HC231H - Music and Politics (Spring/2024)

Professor: Anita Chari

4.00 credits

  • CRN 32029: Monday & Wednesday, 8:30-9:50am @ CHA 201

How does music relate to politics and power in social movements, subcultures, and the marketplace? This course will explore the relationship of music to politics, primarily in the US context. We will read about, write about, and listen to music from across genres and political moments including labor and civil rights songs, blues, R&B, hip hop, and pop, and we will look at the political contexts in which these forms of music are produced, performed, and consumed.  We will be asking questions about what is political about music of these various musical styles and from diverse historical periods.  We will not focus solely on music produced as an intervention into particular political movements, though we will look at examples of this kind (music from the American civil rights movement, for example).
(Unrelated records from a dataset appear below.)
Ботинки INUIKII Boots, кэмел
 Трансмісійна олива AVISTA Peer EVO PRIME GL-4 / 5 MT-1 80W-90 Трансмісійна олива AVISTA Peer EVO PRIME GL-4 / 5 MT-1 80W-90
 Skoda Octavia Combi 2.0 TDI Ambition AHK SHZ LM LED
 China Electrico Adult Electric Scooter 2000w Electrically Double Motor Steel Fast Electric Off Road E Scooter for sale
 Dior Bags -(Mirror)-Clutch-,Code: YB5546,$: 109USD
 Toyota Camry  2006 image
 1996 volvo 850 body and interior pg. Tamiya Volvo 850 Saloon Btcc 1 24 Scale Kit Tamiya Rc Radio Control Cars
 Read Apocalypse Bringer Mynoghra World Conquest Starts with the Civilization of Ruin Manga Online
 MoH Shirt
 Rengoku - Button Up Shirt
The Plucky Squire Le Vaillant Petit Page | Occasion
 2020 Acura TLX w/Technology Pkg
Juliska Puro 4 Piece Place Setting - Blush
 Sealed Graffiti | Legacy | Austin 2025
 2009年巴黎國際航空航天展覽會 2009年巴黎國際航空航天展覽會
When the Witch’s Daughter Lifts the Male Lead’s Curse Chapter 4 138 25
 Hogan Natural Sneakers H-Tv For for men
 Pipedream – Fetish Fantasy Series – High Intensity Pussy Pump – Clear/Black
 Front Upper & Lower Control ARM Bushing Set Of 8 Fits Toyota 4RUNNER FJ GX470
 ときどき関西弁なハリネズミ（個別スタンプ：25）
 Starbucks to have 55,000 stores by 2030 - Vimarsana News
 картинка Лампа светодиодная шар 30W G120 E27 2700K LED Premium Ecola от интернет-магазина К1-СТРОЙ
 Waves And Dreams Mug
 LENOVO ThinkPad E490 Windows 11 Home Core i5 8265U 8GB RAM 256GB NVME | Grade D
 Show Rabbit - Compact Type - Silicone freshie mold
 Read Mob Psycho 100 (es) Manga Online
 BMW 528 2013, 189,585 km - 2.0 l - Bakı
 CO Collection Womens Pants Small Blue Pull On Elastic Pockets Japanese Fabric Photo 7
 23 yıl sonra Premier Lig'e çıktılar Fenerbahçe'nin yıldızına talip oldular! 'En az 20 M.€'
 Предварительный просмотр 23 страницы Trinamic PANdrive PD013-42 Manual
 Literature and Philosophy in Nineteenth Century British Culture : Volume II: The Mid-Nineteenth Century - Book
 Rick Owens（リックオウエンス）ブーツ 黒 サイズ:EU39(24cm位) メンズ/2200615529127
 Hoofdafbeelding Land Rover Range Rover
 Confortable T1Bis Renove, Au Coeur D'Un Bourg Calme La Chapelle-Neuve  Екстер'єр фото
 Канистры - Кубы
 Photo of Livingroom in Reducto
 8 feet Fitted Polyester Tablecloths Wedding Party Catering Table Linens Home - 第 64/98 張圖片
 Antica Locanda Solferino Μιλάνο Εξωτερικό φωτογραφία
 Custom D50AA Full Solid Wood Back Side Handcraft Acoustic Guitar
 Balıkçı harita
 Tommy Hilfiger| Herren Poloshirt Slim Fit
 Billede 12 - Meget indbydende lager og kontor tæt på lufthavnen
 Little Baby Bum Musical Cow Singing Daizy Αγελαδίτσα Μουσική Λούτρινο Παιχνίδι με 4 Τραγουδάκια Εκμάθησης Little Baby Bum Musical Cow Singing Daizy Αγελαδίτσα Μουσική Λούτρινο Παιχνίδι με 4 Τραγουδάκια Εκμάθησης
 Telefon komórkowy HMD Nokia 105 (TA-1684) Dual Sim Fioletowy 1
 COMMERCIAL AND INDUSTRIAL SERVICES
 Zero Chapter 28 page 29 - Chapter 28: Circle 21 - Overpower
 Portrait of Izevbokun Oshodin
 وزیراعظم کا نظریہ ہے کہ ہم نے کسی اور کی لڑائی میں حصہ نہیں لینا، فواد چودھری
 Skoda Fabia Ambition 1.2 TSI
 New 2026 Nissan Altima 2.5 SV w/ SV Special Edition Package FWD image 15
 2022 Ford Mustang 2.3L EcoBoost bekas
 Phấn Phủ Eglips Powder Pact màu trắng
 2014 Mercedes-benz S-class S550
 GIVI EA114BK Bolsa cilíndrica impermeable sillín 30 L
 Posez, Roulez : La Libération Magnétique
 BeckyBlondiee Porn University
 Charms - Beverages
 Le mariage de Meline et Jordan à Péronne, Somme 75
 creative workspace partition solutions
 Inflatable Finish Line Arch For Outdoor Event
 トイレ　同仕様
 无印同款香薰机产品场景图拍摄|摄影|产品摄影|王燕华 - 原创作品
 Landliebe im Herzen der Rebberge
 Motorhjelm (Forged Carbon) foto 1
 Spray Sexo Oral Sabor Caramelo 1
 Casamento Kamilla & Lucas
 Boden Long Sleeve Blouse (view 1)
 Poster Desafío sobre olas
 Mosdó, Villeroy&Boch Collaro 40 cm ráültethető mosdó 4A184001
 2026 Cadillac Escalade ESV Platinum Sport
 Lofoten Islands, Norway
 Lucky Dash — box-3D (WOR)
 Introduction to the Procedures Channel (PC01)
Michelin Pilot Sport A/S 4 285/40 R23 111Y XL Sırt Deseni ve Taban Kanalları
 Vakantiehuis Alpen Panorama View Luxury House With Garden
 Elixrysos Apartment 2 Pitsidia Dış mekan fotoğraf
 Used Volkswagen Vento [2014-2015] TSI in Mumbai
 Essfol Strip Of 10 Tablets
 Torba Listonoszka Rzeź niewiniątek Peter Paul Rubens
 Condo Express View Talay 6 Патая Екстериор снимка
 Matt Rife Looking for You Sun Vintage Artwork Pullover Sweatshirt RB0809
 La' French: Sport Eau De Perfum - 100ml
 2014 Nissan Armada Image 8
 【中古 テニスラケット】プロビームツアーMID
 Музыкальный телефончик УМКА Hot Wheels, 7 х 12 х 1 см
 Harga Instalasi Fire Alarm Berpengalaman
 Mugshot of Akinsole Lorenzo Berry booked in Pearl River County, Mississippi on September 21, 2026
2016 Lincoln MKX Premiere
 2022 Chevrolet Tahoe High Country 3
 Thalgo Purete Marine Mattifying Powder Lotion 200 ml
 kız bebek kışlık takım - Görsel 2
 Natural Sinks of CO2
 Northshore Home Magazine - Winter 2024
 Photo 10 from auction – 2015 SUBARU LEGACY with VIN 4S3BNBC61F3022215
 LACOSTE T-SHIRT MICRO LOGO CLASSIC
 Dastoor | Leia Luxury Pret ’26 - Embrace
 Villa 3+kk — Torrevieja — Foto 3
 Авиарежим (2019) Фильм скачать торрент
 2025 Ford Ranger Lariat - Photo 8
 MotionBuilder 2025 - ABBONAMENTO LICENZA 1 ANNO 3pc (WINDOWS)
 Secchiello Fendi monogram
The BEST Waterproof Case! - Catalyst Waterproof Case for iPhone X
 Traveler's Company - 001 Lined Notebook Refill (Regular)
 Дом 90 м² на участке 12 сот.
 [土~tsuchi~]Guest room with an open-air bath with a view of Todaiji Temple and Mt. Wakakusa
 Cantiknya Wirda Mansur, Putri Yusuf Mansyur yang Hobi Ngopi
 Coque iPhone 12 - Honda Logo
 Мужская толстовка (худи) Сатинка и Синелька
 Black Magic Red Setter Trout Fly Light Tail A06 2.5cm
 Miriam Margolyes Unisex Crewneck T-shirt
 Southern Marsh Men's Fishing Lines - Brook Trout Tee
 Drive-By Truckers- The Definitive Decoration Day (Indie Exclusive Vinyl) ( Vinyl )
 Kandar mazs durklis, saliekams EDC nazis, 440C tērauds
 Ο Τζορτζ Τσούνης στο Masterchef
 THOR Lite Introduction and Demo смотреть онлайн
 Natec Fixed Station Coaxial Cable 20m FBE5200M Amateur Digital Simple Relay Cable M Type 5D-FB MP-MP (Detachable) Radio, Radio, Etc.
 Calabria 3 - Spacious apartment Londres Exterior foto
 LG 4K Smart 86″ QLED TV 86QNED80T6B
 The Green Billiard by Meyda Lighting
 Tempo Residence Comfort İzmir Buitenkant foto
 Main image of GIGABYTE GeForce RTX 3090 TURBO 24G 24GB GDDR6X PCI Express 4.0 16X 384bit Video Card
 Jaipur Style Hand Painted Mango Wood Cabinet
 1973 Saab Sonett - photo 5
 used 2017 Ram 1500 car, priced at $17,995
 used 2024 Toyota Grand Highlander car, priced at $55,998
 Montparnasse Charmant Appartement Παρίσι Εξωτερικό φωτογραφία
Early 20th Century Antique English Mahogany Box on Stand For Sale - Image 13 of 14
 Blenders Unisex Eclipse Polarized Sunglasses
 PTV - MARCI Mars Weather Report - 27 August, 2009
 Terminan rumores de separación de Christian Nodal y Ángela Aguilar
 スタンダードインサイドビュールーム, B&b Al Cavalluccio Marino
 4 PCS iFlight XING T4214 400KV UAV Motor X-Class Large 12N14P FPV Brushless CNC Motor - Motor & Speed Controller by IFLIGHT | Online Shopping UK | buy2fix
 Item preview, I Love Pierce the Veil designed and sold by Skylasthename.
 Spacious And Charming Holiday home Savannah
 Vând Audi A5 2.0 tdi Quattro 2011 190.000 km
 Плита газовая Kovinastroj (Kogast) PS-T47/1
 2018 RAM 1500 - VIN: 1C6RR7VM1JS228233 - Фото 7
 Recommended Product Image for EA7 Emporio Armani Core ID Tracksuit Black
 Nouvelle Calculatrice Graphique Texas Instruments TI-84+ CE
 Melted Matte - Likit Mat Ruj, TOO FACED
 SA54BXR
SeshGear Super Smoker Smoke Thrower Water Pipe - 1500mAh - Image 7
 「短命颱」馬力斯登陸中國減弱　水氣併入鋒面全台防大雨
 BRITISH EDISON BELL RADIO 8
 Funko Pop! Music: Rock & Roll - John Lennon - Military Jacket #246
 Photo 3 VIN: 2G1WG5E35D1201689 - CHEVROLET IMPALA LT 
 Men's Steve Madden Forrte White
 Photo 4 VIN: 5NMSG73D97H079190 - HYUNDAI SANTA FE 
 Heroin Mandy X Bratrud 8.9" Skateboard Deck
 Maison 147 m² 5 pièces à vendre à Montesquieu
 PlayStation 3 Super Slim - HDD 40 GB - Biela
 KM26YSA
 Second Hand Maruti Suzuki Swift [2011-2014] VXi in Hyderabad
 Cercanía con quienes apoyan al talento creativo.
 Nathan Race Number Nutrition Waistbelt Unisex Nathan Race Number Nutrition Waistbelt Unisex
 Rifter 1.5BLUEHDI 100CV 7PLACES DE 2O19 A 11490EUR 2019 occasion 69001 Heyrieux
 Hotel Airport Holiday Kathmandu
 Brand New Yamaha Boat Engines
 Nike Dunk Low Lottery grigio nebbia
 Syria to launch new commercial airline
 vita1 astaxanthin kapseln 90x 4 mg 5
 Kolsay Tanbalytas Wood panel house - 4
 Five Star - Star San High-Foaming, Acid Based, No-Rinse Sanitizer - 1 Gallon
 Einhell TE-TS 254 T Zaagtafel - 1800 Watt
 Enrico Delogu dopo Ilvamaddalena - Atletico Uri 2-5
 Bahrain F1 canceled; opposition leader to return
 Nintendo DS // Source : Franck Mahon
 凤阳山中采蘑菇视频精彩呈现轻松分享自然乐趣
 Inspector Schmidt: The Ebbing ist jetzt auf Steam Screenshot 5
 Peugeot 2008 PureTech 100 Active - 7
Instead, we look at how music of any and every kind is involved in the production of subjectivity, how changing formats of sound production and technology affect our sensory capacities as social and political subjects, how music structures collectivity, and how the relationship between form and content in music can be analyzed in ways that are useful for social and political critique.  Our interests here are in the “micropolitics” of music. Above all, we will be learning tools for listening to music more deeply, so that we can have a more profound understanding of the ways that music impacts us and moves us, whether that be to action, inaction, political struggle, complacency, or emotion. This course uses concepts from the subfield of Political Theory to interrogate the relationship between music and politics.  Such concepts include: commodity fetishism, consciousness, political universality, class, race, gender, democracy, subjectivity, the polis, and micropolitics. In the process of learning about music and politics, largely in the context of 20th century American politics, you will therefore also be exposed to some of the fundamental concepts used in the subfield of Political Theory.